8日の参議院本会議で陳謝する予定になっているが、日本時間7日未明に日本メディアの取材を受けたのはトルコの地で、だった。長期滞在先のUAEのドバイから直接帰国すれば優に間に合ったものの、なぜか行き先はトルコ。さらに7日の夕方、テレビの取材を受けて「帰国はしない」と明言し“陳謝動画”の存在があると明かした。
「国会議員ですから視察という名目は成り立ちますが、彼の行動によってメディアも振り回される。大地震の現状を報道するクルーが、ガーシー議員の動きを追うわけですから、その無駄さといったらないでしょう。議員報酬1800万円は党に預けているといっていますが、彼が国会に出ないことで、与野党の議員が処分を決めるために振り回されたり、メディアが振り回されたりすることで、多くの時間とお金が失われている。本当に迷惑でしかない」
と民放報道局ディレクターもイライラ度マックスだ。
被災地で食事を頬張るガーシー議員
トルコで取材を受けても、被災状況を訴えるわけではなく、帰国に関する煮え切らない態度を説明するだけ。当初、帰国して陳謝すると明言していたにも関わらず、帰国はするが8日に帰るかどうかはわからないと前言をいとも簡単に撤回する始末。

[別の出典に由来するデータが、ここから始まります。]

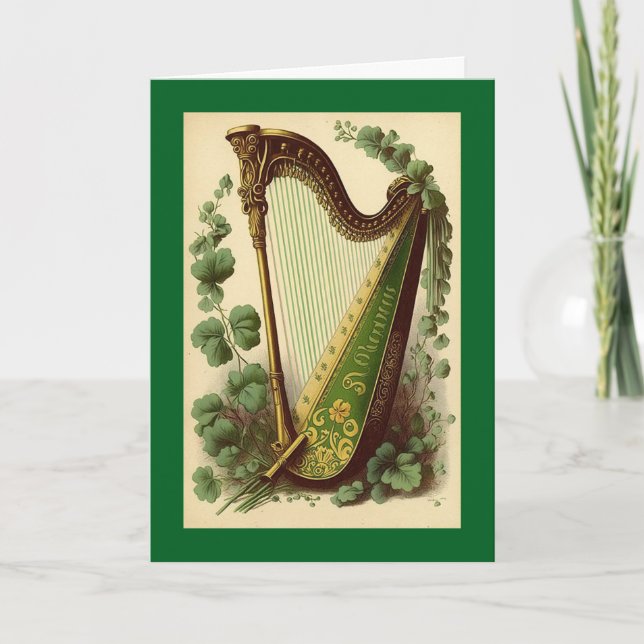 Vintage Irish Harp Greeting Card (Front)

地震発生から3月6日でひと月が経過したが、NHKの報道によれば、テントでの避難生活をしている人は144万人。水や食料などの支援も行き届いていないという。
そんな中でガーシー議員は、がれきの中に設置されたテーブルで食事を取り、親指を立てるサムズアップでおいしさをアピールするなど避難生活とは乖離した笑顔の映像が流れ、それがまた視聴者をいら立たせている。
以前、熊本地震の被災状況を伝えるために現地入りした民放アナウンサーが、《やっと今日の1食目。食料なかなか手に入りにくいです》とツイッターしたところ、これが大炎上。

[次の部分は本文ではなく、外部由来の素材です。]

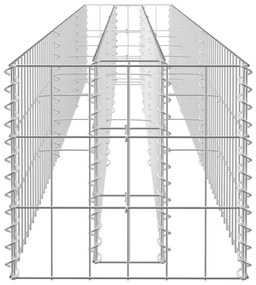 Συρματοκιβώτιο-Γλάστρα Υπερυψωμένη 270x30x30 εκ. Γαλβ. Χάλυβας - Ασήμι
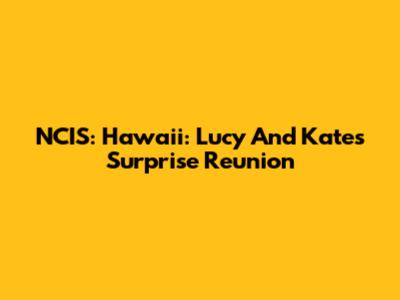 NCIS: Hawai'i: Lucy And Kate's Surprise Reunion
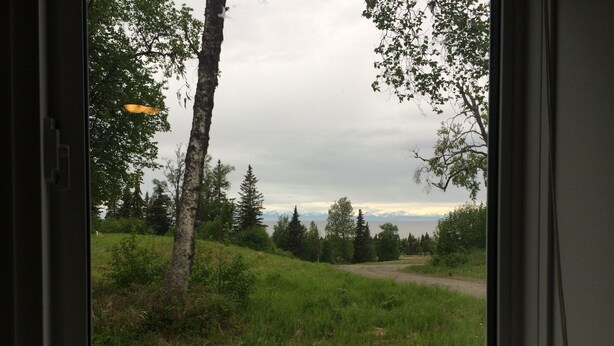 A window view of a grassy area with trees and a distant mountain range. -  A Centrally-Located Vacation Home For All Your Kenai Peninsula Adventures! (Kasilof)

取材者も人間、食べないわけにはいかないが、被災者が食料不足に苦しんでいる中、やはり弁当やラーメンなど食事について伝えるのは不適切であるとして、アナウンサーは全面謝罪。テレビ局も「食事を取れない被災者の方が多くいる中で、配慮を欠いた行為」と平身低頭したことがある。
ガーシー議員の食事の場面は、そんな過去の記憶を有権者に呼び覚ましたのではないだろうか。
税金泥棒の汚名から逃れることはできない
SNSで動画を発信することにはマメで「めっちゃやさしいよ、みんな。どうしても連れて行きたいケバブ屋があるって、朝の4時くらいに起こされてケバブ食べさせられました」と、視察とはかけ離れた情報を伝達。

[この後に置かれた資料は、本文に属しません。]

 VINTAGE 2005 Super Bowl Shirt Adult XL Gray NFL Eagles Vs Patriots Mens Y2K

「買いためた救援物資を配ろうかなと思っています」と被災者支援の姿勢を示したが、何を買いためて、誰に配るのかといった詳細には踏み込んでいない。
初当選以来、一度も登院することなく議員歳費1800万円がガーシー議員の懐に入った。が、「歳費は返すつもりで、これで税金泥棒と言われる筋合いはない。1800万円は手につけません」「国民からいわれている文句を一つ一つ消していこうと思っている」と言い放っている。民放国会担当記者は次のようにあきれ果てる。
「ガーシー議員の処分を検討する懲罰会議を行うなど、他の国会議員に余計な仕事をさせていることがもう“税金泥棒”なんです。ご本人が議員報酬を党に返しても議員報酬をもらった、という事実は消えません。さらにN党は国庫から3億3400万円の政党交付金を受け取っている。この金額は、所属する国会議員数や過去の国政選挙の得票数に応じて配分されるもので、N党の場合、比例代表選挙の得票率が2%以上でしたから、交付の対象になっています。その際、ガーシー議員は28万7714票を獲得し、党勢に大きく貢献しました。いいかえれば、ガーシー議員のおかげもあり、N党はより多くの政党交付金を受け取れているのです」
ガーシー議員が「国民からいわれている文句を一つ一つ消していこうと思っている」というとおり、文句が一つではないことは自覚しているようだ。どんな手を打とうが、“税金泥棒”の汚名から逃れることは、当面できそうもない。